I’m a big believer that when it comes to productivity, Kyogle has always punched way above its weight.
Indeed, initiative appears to run particularly strong in this generation of Grahams with four batching plants, seven quarries, 95 employees and a fleet of agitators, tippers and cement tankers now operating well beyond Kyogle.
“Kyogle’s home, for sure, but we’re definitely a bigger business and that’s simply because the demand has been there like never before,” Rod casually explains.
“If you boil it down, it’s all about service but you have to be willing to take the opportunities as they come.” Indeed!
Meanwhile, on the other side of town, there’s the business called Bordin Bros created by two Italian siblings also looking for a new start after World War II.

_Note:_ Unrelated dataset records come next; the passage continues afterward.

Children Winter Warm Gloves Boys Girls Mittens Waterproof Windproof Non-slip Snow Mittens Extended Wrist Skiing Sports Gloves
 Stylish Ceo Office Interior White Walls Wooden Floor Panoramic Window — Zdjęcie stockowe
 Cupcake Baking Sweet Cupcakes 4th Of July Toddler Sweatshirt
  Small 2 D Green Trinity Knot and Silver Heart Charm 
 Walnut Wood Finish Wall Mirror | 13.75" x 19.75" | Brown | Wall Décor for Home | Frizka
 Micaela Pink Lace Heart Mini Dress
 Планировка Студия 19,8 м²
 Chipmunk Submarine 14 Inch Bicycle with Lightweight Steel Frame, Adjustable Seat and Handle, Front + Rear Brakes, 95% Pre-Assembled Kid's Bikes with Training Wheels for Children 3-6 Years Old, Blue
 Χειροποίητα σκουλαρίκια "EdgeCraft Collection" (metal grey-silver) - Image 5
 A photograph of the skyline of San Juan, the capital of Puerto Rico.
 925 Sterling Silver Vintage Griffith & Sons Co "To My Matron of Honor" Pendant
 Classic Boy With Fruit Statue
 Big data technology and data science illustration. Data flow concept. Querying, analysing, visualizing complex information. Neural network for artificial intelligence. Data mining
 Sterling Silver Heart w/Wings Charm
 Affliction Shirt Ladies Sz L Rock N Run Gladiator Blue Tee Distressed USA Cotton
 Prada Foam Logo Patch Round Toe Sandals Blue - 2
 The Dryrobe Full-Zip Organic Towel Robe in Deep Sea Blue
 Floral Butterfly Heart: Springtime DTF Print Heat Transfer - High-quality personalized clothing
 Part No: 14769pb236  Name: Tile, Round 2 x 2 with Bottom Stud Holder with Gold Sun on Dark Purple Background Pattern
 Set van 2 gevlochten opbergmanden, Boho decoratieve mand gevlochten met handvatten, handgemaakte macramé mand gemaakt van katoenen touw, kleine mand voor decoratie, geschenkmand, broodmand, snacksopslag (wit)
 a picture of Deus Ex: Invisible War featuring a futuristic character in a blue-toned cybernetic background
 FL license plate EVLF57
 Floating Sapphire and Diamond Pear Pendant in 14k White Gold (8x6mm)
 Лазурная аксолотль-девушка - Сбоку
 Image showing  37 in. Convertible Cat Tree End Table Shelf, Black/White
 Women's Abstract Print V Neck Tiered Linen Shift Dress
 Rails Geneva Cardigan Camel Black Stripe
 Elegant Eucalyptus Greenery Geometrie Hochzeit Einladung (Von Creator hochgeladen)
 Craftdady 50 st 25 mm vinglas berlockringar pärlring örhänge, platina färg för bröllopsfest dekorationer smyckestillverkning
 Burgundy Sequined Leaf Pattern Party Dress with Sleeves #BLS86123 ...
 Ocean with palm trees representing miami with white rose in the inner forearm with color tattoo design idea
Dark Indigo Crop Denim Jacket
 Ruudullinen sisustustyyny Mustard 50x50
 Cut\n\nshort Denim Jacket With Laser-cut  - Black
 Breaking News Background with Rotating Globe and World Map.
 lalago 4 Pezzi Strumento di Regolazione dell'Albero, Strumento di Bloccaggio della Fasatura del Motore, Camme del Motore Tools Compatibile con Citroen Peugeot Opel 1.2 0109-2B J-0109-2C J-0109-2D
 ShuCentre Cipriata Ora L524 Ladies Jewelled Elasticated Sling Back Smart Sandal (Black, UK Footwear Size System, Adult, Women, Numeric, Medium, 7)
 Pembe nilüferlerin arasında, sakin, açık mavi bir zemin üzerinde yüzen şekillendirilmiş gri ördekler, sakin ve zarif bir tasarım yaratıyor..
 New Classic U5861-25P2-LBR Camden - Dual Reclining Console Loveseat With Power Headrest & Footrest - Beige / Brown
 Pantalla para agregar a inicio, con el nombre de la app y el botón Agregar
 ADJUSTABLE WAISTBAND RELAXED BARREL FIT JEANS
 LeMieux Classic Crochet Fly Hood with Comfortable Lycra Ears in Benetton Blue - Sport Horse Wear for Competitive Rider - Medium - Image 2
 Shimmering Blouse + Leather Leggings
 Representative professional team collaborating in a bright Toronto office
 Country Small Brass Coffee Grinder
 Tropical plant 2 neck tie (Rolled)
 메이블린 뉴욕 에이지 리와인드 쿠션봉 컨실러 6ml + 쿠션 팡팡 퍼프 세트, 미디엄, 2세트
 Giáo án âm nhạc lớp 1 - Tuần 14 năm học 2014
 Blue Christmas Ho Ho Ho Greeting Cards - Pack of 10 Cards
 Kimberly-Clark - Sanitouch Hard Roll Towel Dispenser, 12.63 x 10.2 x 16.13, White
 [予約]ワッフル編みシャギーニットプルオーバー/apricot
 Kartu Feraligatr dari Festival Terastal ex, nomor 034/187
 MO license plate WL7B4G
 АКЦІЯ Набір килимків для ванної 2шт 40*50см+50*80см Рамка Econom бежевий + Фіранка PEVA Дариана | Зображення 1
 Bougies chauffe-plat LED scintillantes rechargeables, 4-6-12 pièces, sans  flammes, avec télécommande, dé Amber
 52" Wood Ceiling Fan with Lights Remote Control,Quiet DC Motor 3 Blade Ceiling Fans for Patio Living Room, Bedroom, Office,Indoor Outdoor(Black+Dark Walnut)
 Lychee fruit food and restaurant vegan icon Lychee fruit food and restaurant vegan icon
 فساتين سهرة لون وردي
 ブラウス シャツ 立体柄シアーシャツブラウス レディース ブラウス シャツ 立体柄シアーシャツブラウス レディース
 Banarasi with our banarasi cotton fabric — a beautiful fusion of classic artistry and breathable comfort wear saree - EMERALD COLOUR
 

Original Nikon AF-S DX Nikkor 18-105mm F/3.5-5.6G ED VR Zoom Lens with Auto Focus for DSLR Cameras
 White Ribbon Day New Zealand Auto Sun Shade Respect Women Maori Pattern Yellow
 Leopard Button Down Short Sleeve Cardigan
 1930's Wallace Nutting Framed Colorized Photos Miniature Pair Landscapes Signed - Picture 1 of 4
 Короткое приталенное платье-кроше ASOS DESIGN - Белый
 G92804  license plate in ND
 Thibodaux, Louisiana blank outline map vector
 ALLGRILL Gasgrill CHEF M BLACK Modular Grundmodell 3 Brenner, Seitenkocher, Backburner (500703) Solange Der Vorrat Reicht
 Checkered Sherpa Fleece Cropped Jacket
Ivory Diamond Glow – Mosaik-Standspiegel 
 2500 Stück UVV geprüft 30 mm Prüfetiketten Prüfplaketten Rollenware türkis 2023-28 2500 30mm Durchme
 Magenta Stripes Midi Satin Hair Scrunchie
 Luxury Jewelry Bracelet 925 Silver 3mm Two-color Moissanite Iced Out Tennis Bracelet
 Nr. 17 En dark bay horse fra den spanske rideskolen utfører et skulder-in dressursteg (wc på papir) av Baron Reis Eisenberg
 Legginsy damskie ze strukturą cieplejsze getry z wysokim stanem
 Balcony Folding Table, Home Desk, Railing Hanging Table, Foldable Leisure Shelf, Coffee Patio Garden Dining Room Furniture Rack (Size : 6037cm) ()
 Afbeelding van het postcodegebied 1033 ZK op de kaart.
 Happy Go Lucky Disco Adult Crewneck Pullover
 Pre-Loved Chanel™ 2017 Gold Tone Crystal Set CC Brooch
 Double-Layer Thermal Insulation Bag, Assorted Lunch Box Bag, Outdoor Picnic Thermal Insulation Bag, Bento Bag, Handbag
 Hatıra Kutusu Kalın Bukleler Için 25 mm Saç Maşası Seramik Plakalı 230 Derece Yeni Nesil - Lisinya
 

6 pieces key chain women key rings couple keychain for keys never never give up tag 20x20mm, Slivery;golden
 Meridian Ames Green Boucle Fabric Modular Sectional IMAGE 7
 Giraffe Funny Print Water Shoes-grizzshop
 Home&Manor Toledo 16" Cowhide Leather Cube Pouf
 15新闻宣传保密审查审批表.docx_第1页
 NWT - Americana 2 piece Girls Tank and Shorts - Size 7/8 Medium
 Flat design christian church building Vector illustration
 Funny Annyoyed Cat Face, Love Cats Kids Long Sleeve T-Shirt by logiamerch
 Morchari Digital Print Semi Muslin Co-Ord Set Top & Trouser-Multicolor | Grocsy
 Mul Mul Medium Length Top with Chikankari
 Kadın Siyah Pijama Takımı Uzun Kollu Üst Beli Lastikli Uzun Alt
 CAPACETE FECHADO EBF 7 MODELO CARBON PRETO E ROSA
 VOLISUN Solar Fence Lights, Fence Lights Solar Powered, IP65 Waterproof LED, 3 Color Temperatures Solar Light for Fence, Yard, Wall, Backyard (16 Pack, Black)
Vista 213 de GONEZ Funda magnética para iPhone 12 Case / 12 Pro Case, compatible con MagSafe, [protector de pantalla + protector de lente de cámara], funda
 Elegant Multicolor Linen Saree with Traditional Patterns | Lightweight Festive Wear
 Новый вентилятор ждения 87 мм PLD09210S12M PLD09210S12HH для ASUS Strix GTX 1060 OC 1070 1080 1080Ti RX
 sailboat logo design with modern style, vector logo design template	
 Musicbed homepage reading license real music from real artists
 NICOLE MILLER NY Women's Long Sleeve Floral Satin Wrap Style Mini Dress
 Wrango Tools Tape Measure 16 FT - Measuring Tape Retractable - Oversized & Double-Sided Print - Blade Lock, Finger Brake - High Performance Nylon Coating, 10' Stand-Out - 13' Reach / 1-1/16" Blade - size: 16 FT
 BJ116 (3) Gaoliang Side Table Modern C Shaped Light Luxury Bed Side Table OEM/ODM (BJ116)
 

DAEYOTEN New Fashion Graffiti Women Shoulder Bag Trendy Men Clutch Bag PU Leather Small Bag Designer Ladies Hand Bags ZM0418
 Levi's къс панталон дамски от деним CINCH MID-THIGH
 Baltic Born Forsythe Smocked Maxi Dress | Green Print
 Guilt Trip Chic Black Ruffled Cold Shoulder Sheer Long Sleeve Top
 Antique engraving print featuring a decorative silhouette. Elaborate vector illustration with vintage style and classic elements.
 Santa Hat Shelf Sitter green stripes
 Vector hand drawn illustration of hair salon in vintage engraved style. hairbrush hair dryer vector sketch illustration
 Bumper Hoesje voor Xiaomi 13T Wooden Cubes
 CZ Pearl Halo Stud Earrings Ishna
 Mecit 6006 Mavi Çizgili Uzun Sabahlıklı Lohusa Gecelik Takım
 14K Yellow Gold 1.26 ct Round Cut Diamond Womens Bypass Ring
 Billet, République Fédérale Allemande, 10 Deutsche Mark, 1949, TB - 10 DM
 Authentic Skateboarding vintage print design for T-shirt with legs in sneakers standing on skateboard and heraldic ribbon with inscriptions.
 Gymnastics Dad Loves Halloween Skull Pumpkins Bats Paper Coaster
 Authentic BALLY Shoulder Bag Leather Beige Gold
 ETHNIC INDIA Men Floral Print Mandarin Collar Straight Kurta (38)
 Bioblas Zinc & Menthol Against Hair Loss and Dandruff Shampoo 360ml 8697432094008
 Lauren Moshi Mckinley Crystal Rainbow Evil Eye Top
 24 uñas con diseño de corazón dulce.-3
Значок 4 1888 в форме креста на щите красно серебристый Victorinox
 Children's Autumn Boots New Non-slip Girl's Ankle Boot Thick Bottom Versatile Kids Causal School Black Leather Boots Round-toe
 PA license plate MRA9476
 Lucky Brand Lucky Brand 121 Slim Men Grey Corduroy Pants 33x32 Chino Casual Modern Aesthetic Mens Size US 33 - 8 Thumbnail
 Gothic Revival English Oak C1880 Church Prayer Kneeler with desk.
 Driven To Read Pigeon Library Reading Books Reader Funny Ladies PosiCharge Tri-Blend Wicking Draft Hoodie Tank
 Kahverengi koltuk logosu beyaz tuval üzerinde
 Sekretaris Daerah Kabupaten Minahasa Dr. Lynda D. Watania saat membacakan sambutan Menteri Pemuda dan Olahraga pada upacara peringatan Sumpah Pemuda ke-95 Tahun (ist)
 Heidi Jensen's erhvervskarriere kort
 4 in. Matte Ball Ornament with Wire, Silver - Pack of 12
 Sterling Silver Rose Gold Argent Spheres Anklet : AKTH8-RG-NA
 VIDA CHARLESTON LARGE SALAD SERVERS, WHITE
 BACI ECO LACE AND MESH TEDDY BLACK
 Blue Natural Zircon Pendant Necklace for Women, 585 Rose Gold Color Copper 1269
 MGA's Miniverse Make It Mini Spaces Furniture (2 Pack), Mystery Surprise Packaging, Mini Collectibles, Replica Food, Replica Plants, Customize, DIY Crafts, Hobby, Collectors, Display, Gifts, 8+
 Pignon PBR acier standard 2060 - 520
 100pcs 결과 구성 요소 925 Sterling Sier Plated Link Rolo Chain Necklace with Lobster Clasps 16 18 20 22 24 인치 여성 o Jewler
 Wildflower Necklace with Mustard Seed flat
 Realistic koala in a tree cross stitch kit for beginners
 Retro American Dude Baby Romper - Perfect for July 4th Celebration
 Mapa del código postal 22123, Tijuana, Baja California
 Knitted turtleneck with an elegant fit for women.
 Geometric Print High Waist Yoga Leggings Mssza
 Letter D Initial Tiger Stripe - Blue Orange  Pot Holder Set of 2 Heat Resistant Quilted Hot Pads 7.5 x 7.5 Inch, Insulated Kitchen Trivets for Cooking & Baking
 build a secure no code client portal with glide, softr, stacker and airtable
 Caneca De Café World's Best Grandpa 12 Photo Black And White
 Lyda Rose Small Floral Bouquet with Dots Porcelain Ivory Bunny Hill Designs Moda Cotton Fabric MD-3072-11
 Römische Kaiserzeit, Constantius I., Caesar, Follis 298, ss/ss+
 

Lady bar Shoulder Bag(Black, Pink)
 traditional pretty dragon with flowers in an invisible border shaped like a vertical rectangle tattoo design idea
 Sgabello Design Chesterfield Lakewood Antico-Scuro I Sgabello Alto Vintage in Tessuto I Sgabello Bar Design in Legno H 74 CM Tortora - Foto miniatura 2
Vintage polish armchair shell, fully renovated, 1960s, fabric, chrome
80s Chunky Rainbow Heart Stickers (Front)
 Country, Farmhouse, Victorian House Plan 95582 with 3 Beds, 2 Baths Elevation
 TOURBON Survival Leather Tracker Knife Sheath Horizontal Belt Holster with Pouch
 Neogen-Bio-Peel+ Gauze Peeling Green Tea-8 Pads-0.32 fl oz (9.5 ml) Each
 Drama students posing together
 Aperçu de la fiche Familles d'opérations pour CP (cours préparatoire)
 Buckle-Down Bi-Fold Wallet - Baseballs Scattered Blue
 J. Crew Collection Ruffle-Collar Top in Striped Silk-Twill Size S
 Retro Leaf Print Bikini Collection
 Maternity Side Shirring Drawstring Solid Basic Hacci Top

Eventually settling in Kyogle, brothers Max and Albert Bordin bought a farm and fruit shop, ultimately growing bananas which they delivered and sold in Brisbane markets.
It was, however, Albert’s two sons Danny and Peter who took Bordin Bros on a different path, buying a block of land on the outskirts of town to expand their modest steel fabrication business into the specialist production of cattle yards, steel panels, ramps and crushes, as well as trailers and tray bodies.



Addition of prime movers and body trucks to overcome a lack of reliable freight services has seen Bordin Bros’ freight and logistics service reach far and wide. Images: Jonathan Wood
The business subsequently grew to the point where the current site was acquired in 2005 and since then, the business has gone into overdrive according to cousins Adrian and Luke Bordin who now have daily responsibility for an operation with around 30 employees.
“Turnover has increased five-fold in the last 10 years,” says Adrian, a qualified accountant.
Moreover, as Luke points out, the addition of prime movers and body trucks to overcome a lack of reliable freight services for their products has seen its freight and logistics service reach far and wide across the country from sites in Kyogle, Lismore and Hatton Vale in Queensland’s Lockyer Valley.
There are now nine trucks in the business, primarily Kenworth prime movers and a mix of Isuzu and Fuso rigids hauling the products which have, the cousins proudly assert, made Bordin Bros one of Australia’s leading manufacturers of livestock yarding and handling systems.
So, Kyogle has been good for the Bordins? “Absolutely,” says a smiling Luke Bordin. “It’s home.”